J: Ndak. Saya tidak pernah ikut campur dalam urusan politik. Buktinya, ketika PPP ramai-ramai muktamar, saya tidak ikut. Ketika Golkar punya gawe, saya juga tidak ikut campur. Demikian pula ketika PDI kongres, saya tidak terlibat. Bahwa ada orang-orang NU yang dizalimi (dipaksa masuk ke dalam kepengurusan partai berlambang bintang, tanpa tanda tangan atau tidak sesuai dengan hasil muktamar PPP), kami ikut solider. Sebab, kekuatan warga NU yang memang realistis itu tidak diperhitungkan. Itu namanya orang NU dizalimi. Kami ikut prihatin.

Fenomena lain, misalnya di PDI sekarang orang NU mulai muncul, kami ya ikut senang. Itu saja. Bahwa banyak orang NU di Golkar yang masih mlempem, karena kualitas mereka tidak baik atau tidak memenuhi harapan umat, ya saya prihatin. Itu saja. Wajar-wajar saja, kan?

T: Apakah Anda merasa pernah melakukan kegiatan politik?

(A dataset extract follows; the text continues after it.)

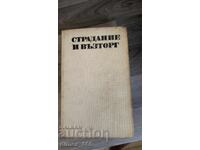 Βάσανα και αρπαγή Ίρβινγκ Στόουν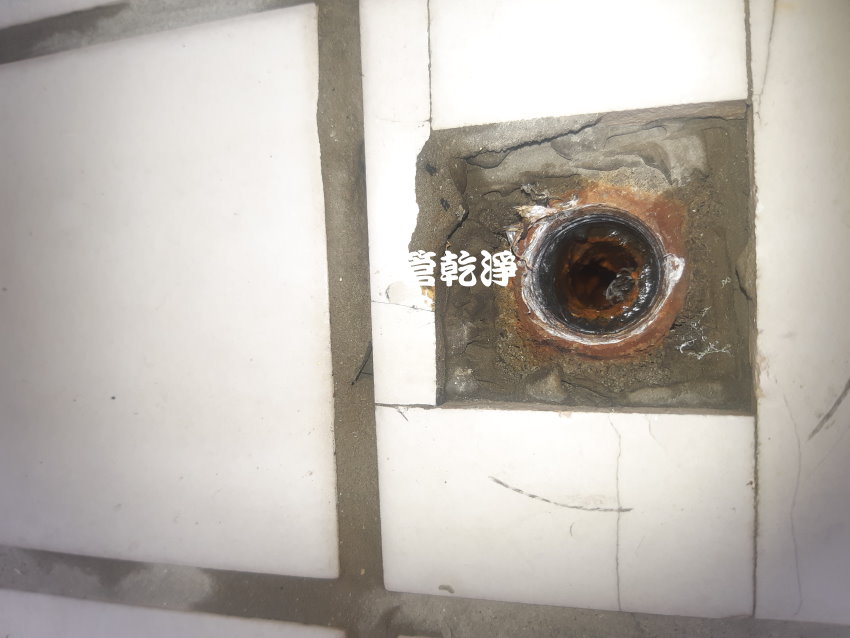 開關一撥就有冬瓜茶? 台中 西屯 西屯路 洗水管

J: Bagi saya, batasan kegiatan politik itu apabila kita melakukan upaya untuk mencari jabatan, baik di DPR maupun di tempat lain. Saya tidak melakukan hal itu. Kalau saya, misalnya, melontarkan pandangan atau pendapat agar bisa mempertahankan UUD 1945 agar negara ini tetap berdaulat, masyarakatnya bebas mengeluarkan pendapat, berserikat, tanpa diganggu, sehingga bisa memberikan persamaan hak tanpa kecuali, apa itu berpolitik? Itu kan hak saya sebagai warga negara Indonesia yang baik dan benar serta sadar akan keberadaan negerinya.

Hal-hal seperti itu bukan berarti saya berpolitik. Slamet saja yang nggak ngerti. Sebaliknya, dia balik saja belajar. Atau, kalau tidak, berarti Slamet sama dengan menipu dirinya sendiri. Karena, siapa lagi yang mau mengamankan sendi-sendi UUD 1945 di negeri ini, kalau bukan kita, bangsa Indonesia?

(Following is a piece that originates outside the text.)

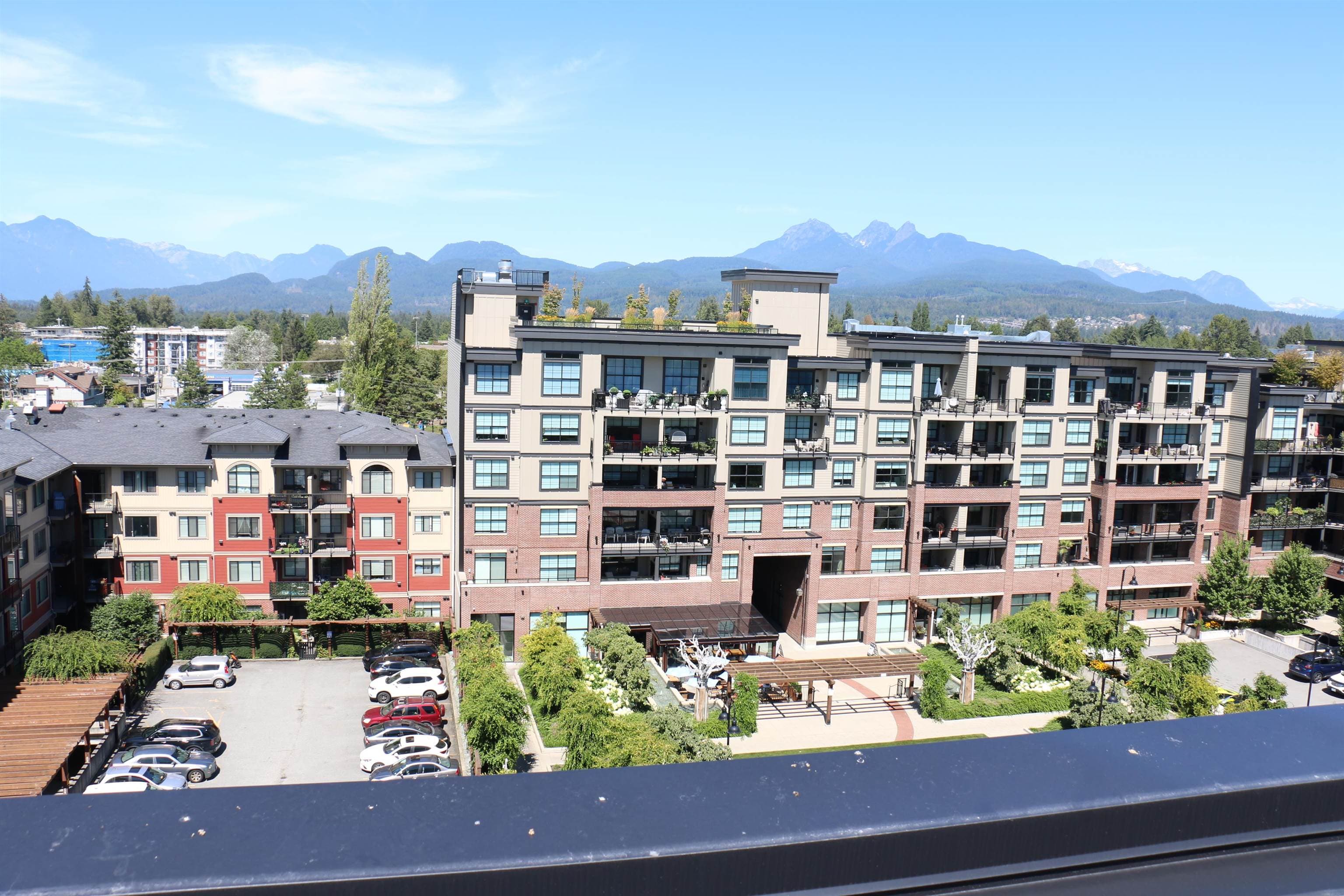 308 - 22633 Selkirk Avenue, Maple Ridge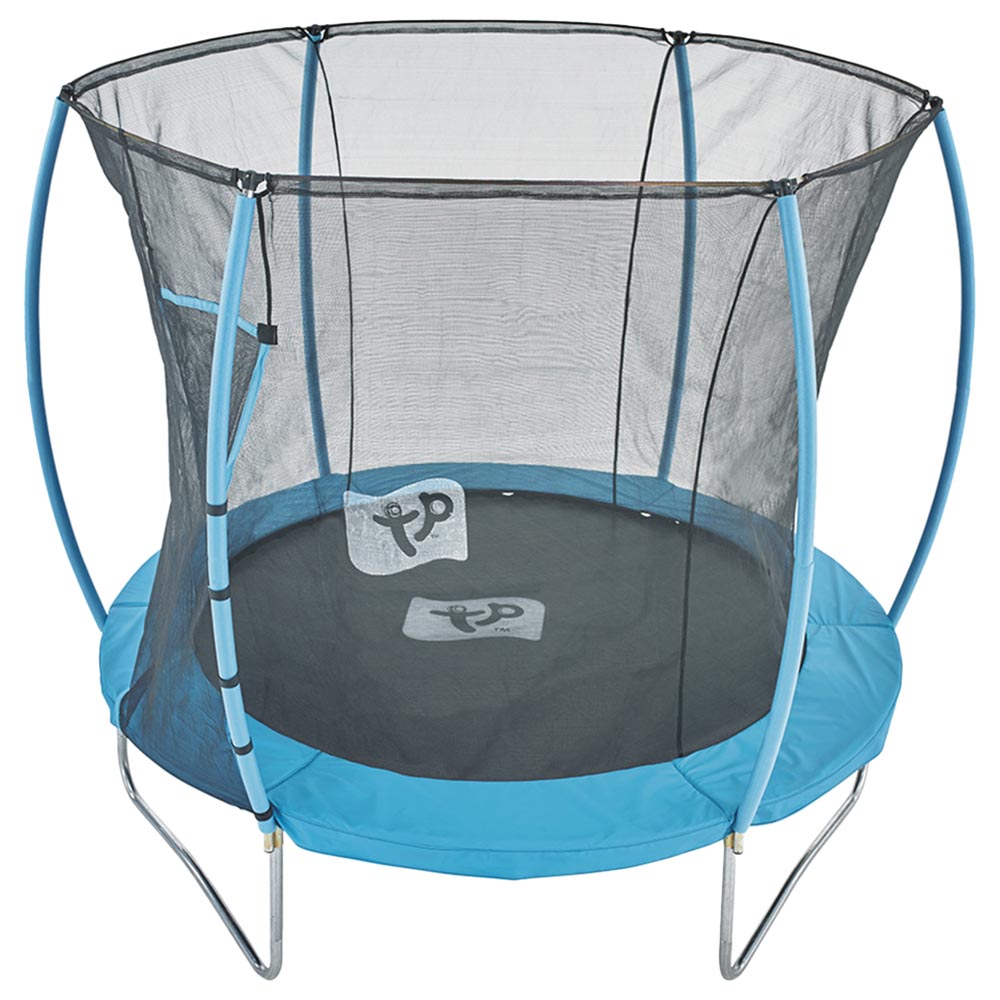 موكي - ترامبولين هيب هوب - 8 قدم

Saya mengharapkan tokoh-tokoh NU yang sempat berbeda pendapat sehubungan dengan muktamar PPP, agar tetap menjaga kekompakan. Saya mengimbau para pemimpin NU, terutama yang di Jateng, untuk saling memahami pendirian dan pemikiran masing-masing.

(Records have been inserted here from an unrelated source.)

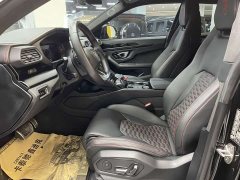 Porsche 2021 Lamborghini Urus 4.0T V8 - фото 10
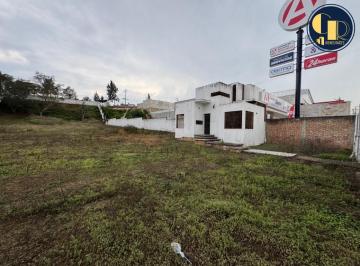 Terreno / Lote · 2517m² · Terreno - Unidad Habitacional Lomas Verdes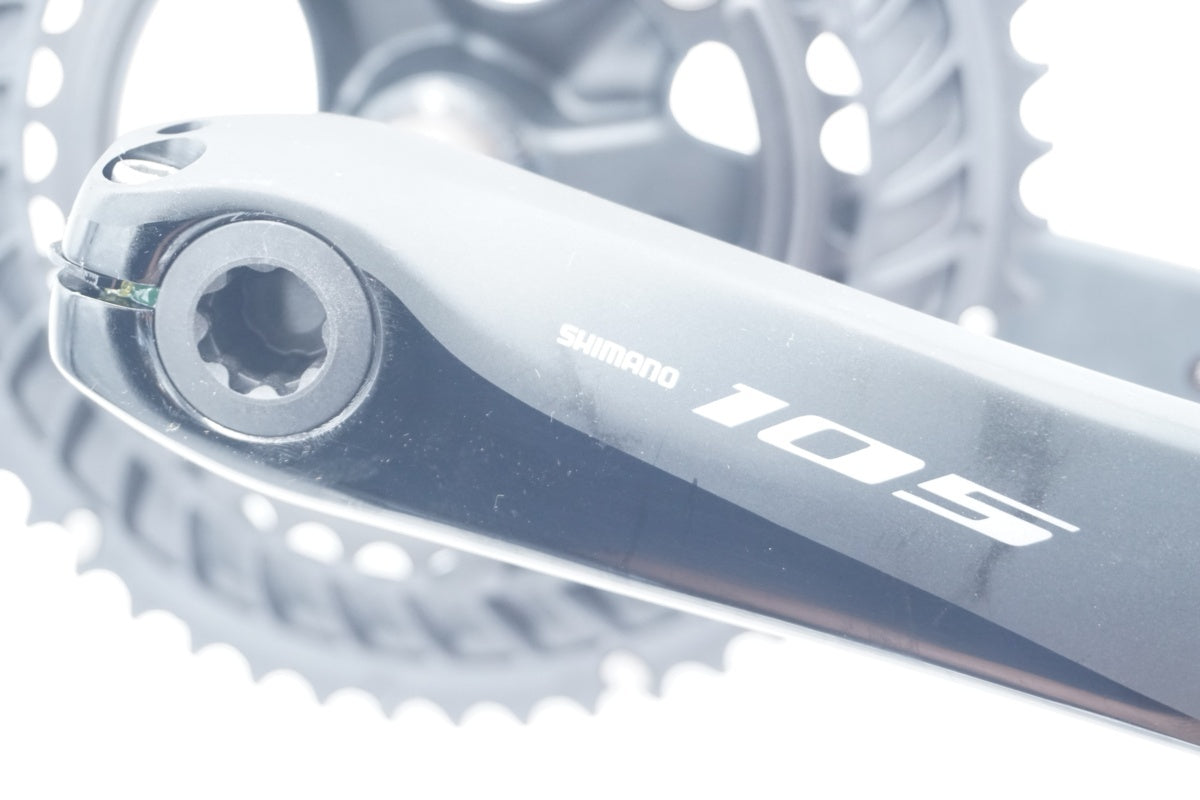 SHIMANO 「シマノ」 105 FC-R7000 50-34T 170mm クランク / 滋賀大津店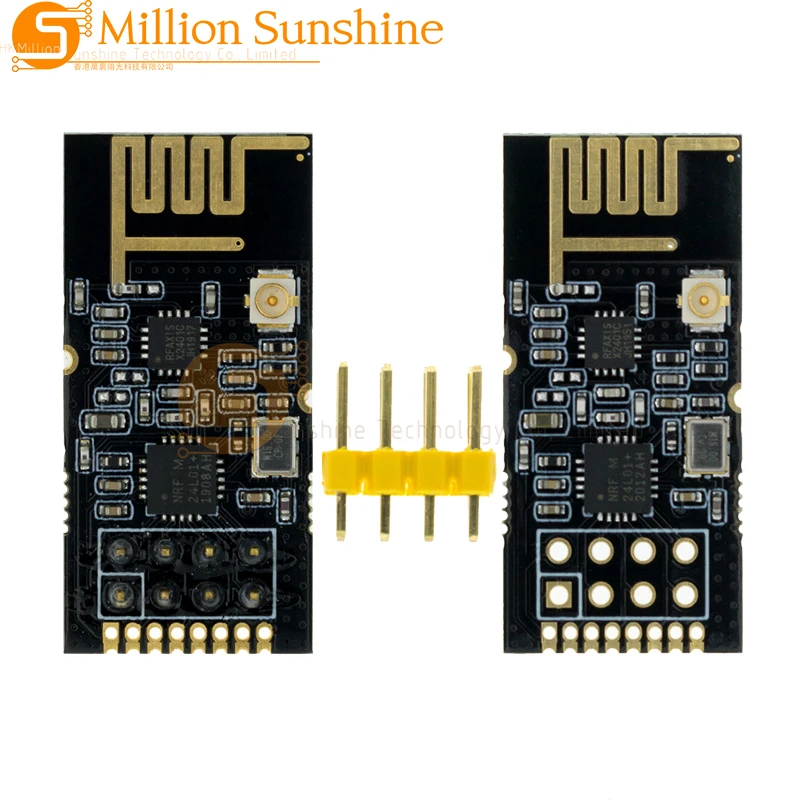 GT-24 2.4G Smd NRF2… - image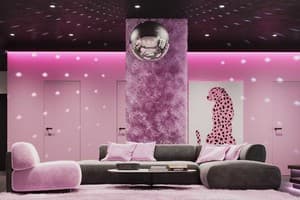 Spatium Medical & Wellness Hotel 15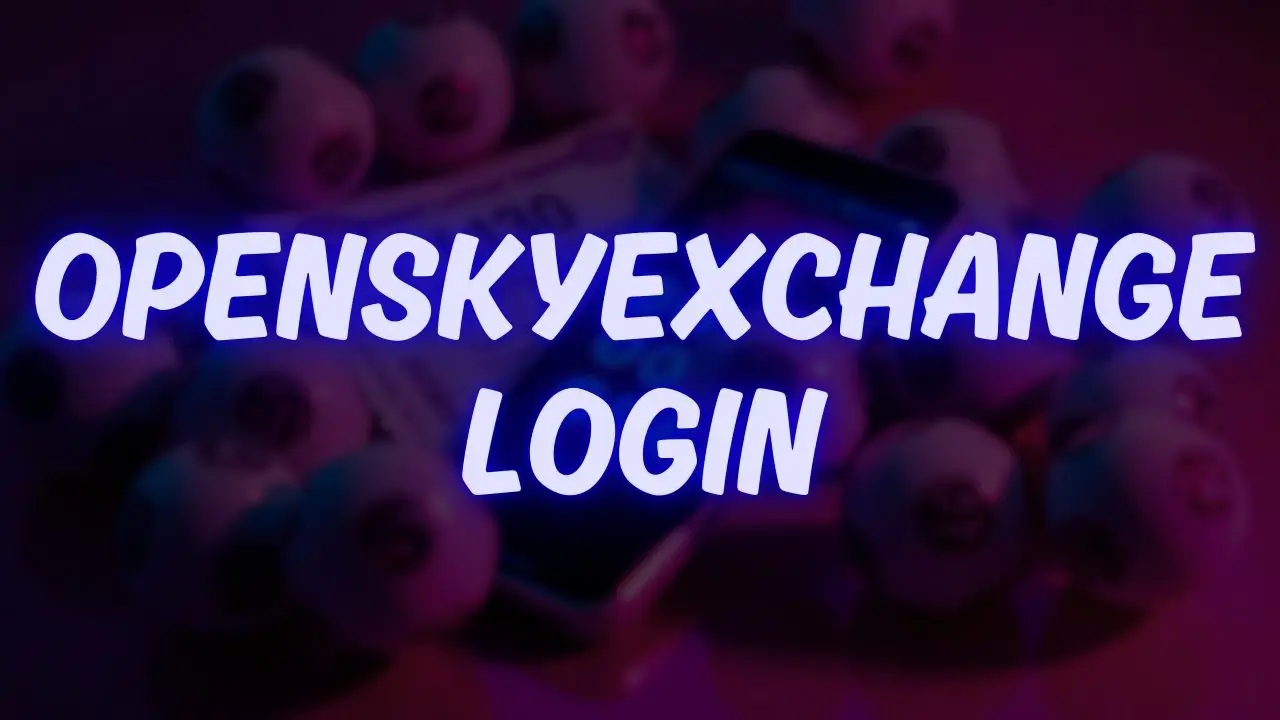 skyexchange login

Justru pada saat menerima tindakan sewenang-wenang dan dizalimi pihak lain itulah, para pemimpin NU harus saling merasa memiliki organisasi ini. Para tokoh NU yang di Golkar, parpol haruslah dimengerti sebagai orang-orang yang membela kepentingan NU.

Sebagai ketua umum PBNU, saya perlu menyatakan ini karena ada tokoh NU seperti KH Cholil Bisri, pengasuh Pondok Roudlotut Tholibien, Rembang, yang ingin mengundurkan diri dari NU dan kegiatan-kegiatannya. Kalaulah Pak Cholil berniat mundur gara-gara ini, kami semua yang di PBNU tentu tidak akan melepas. Sebab, jasa-jasa beliau dalam membela dan berjuang untuk NU sungguh sangat luar biasa besarnya.